:: Exercise ::
With the pictures omitted, repeat exactly the lines below starting with the line that has "Slika Sippy cup" and going on through the line that has "105 Cove Grove".

──────── Materials provided ────────

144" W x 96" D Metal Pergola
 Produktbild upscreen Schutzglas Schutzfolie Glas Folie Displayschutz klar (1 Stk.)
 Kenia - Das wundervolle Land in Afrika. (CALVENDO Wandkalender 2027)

────────
──────── Materials provided ────────

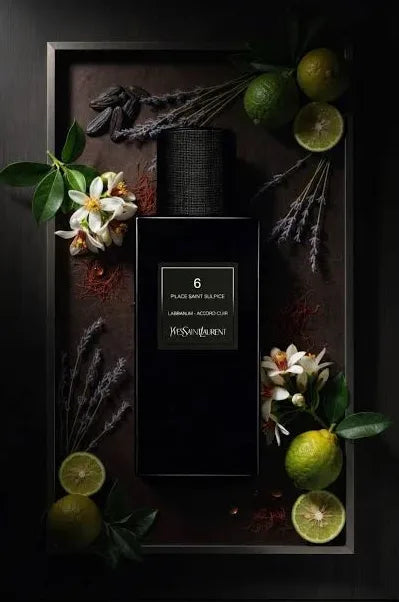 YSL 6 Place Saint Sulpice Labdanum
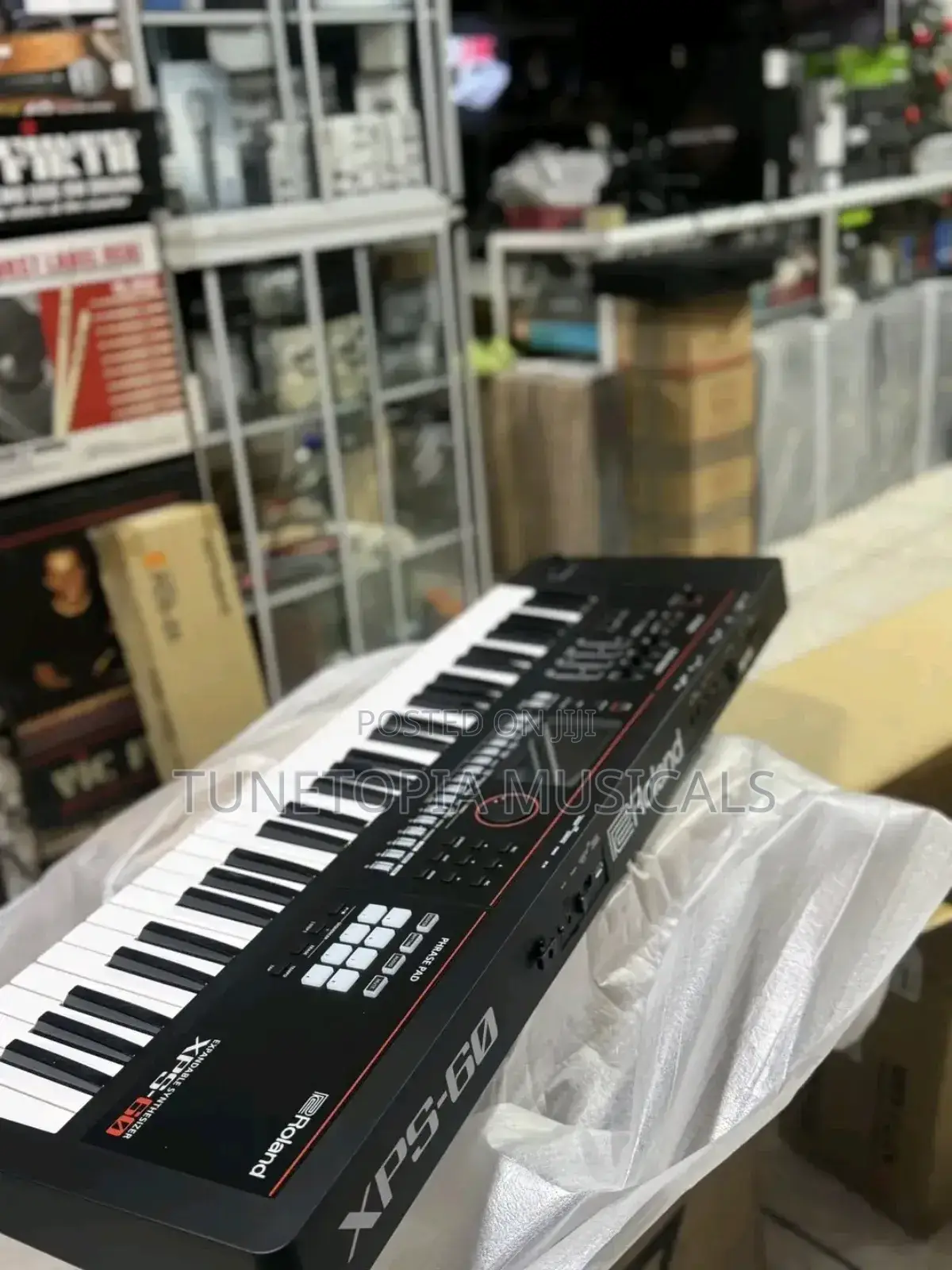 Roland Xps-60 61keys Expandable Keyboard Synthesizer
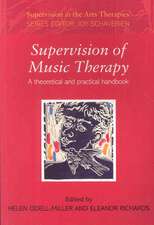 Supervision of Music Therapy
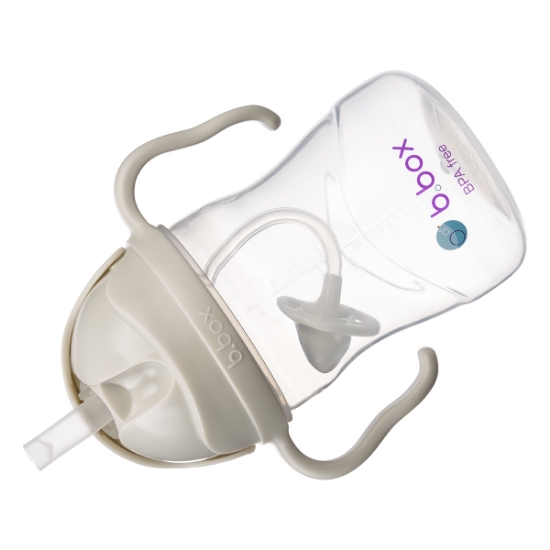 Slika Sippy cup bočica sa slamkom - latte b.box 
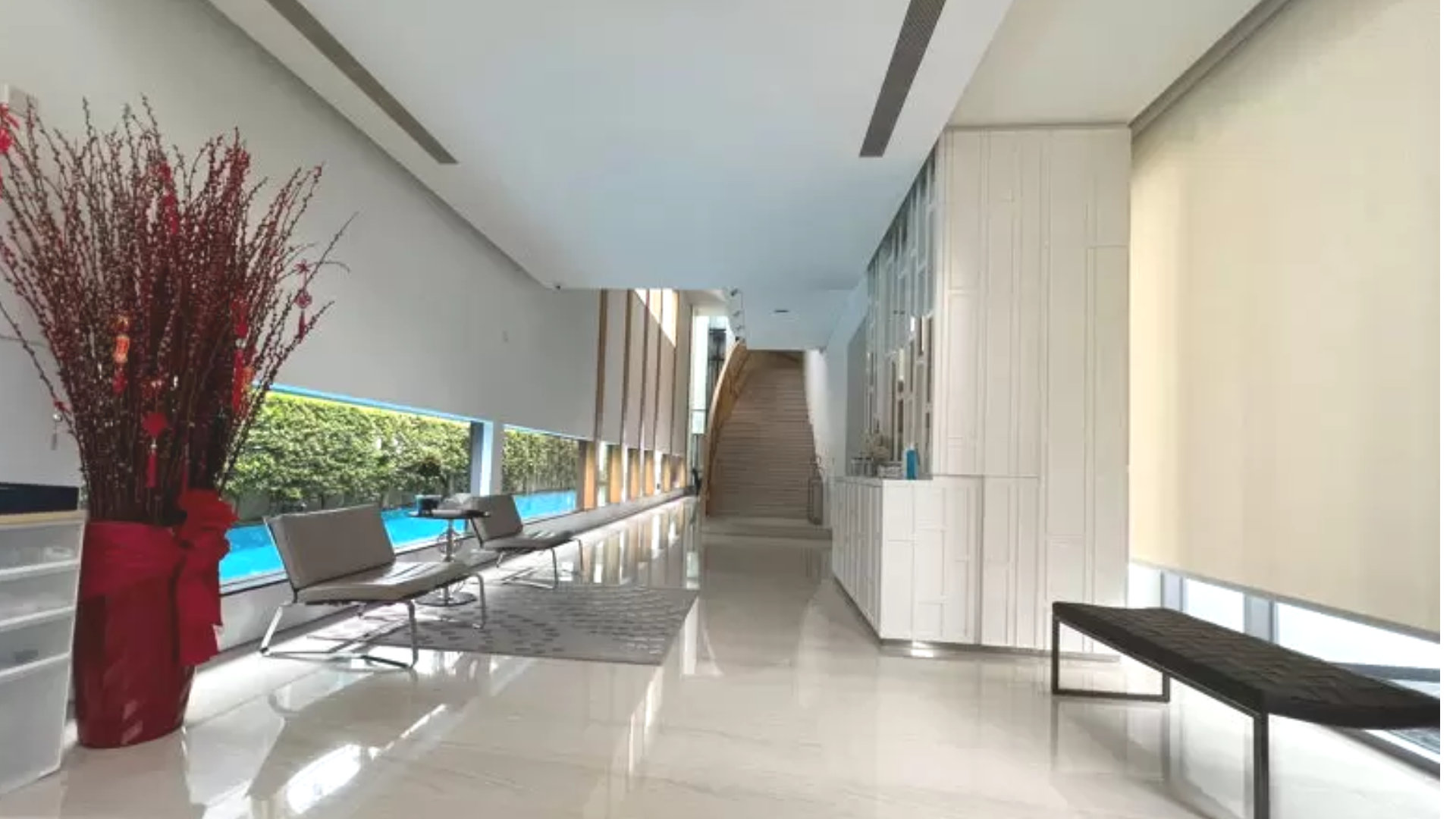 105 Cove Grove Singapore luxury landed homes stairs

────────

:: Final answer ::
 Slika Sippy cup bočica sa slamkom - latte b.box 
 105 Cove Grove Singapore luxury landed homes stairs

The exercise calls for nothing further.